Normally crowded, when my  mother and I boarded with our groceries on that fateful morning for the trip back to  Fairfax, there were no other riders on the bus. This was  fine by me. I loved to sit on the wide rear seat and always sat there if it was empty. I relished looking down the long aisle to where the driver sat. (OK -- so I was a weird kid.)
I had done this many times, but this day would be different. This particular driver -- all were white -- was new to us.
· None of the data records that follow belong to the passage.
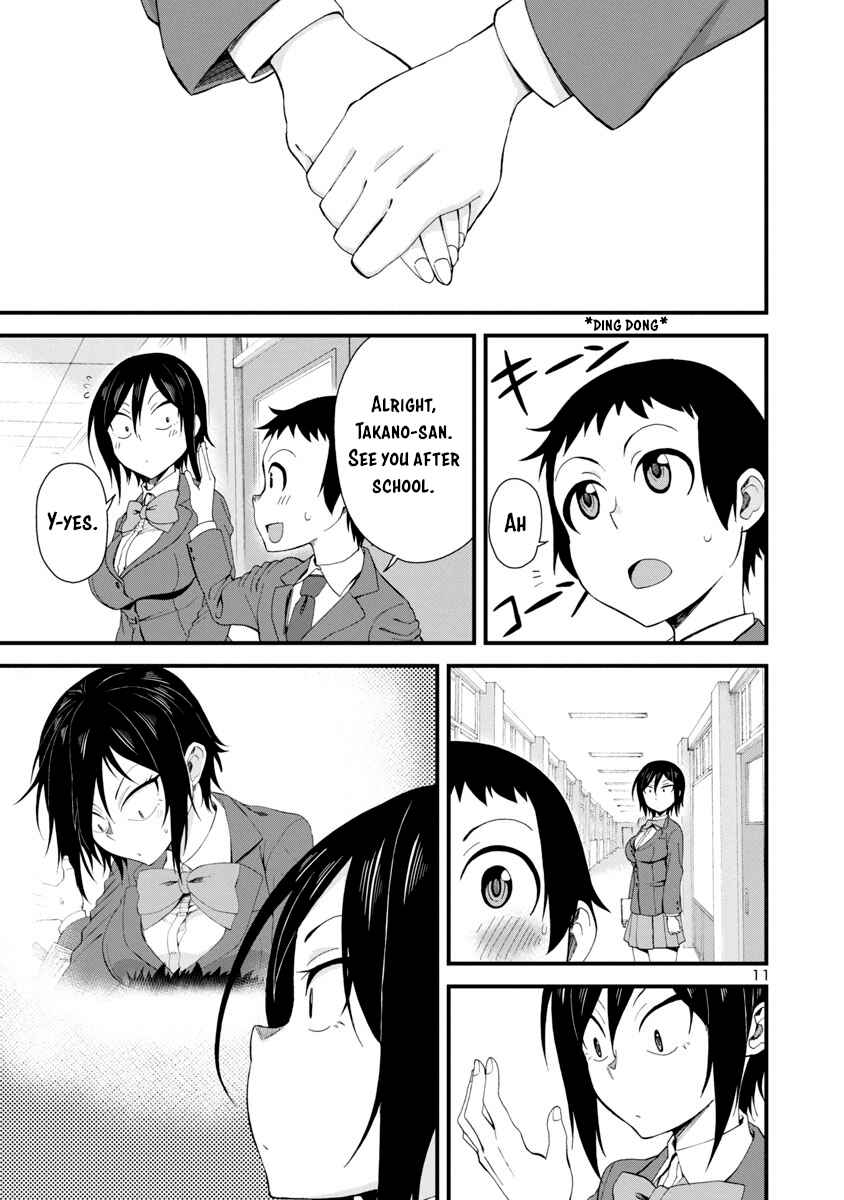 Page 11 Chapter 12 Hitomi-chan wa Hitomishiri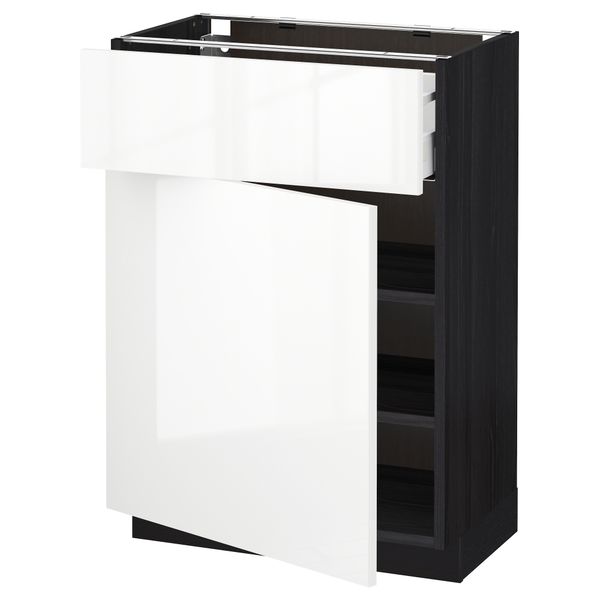 IKEA, вид спереди - схема-чертеж с размерами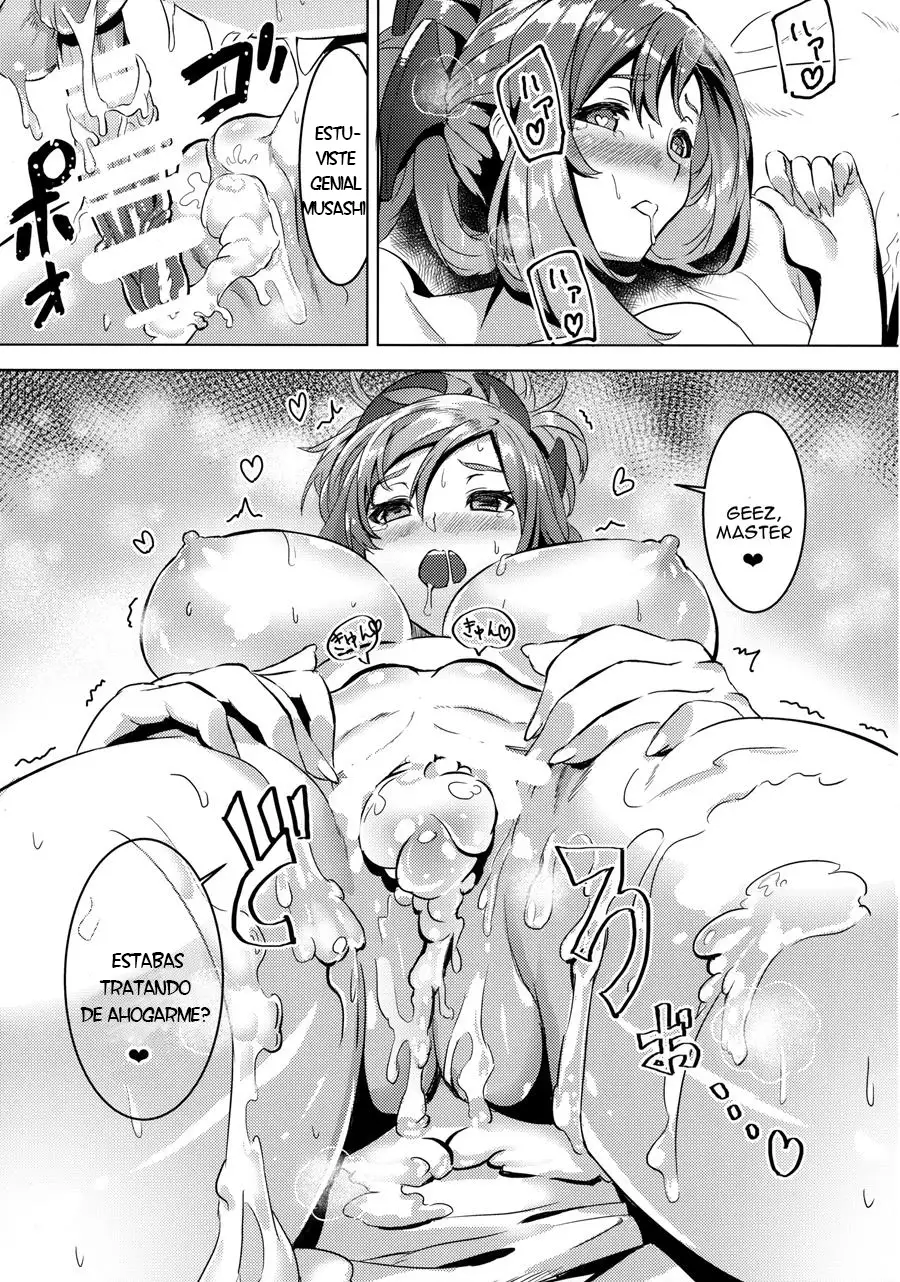 musashichan no erohon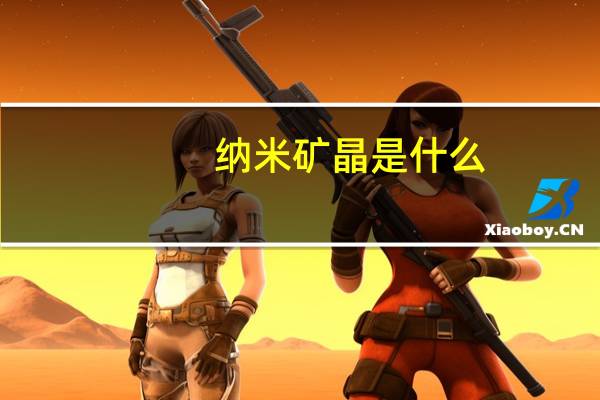 纳米矿晶是什么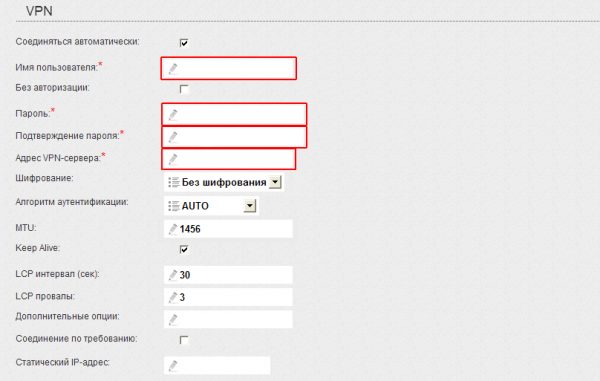 Заполнение обязательных полей в разделе «VPN»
Through his rearview mirror, he spied me sitting in the back and immediately stopped the bus. “Get out from back there,” he yelled at me angrily.
My dainty red-haired mother, seated near the front, said, “Oh, he sits back there all the time.”
“Not today, he ain't!” the driver barked.
Pouting, with my lips pooched out, I moved up beside my mother.
When the bus reached the next stop, Lena Gibson, a familiar face, stepped on board.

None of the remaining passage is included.